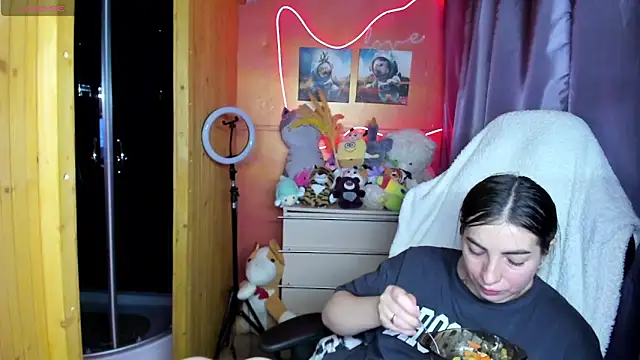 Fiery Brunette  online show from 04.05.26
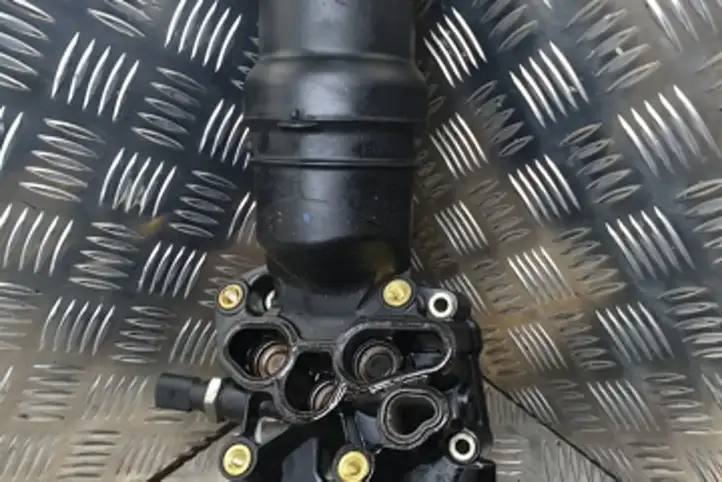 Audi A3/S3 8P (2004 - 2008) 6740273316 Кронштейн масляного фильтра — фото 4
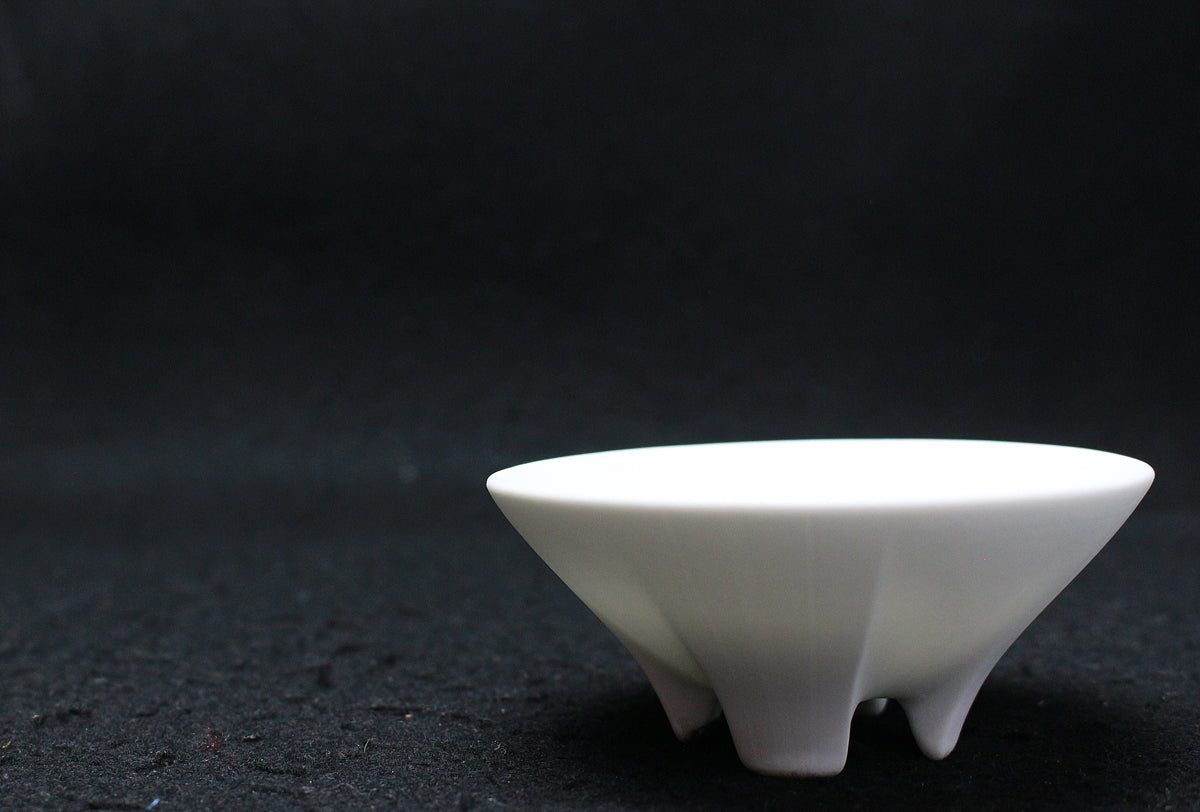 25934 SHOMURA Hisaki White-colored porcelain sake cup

┄┄┄┄┄┄┄┄┄┄┄┄┄┄┄┄┄┄┄┄

● EXERCISE DETAILS
Set down all of the material word for word, minus its pictures.

● ANSWER BOX
 Fiery Brunette  online show from 04.05.26
 Audi A3/S3 8P (2004 - 2008) 6740273316 Кронштейн масляного фильтра — фото 4
 25934 SHOMURA Hisaki White-colored porcelain sake cup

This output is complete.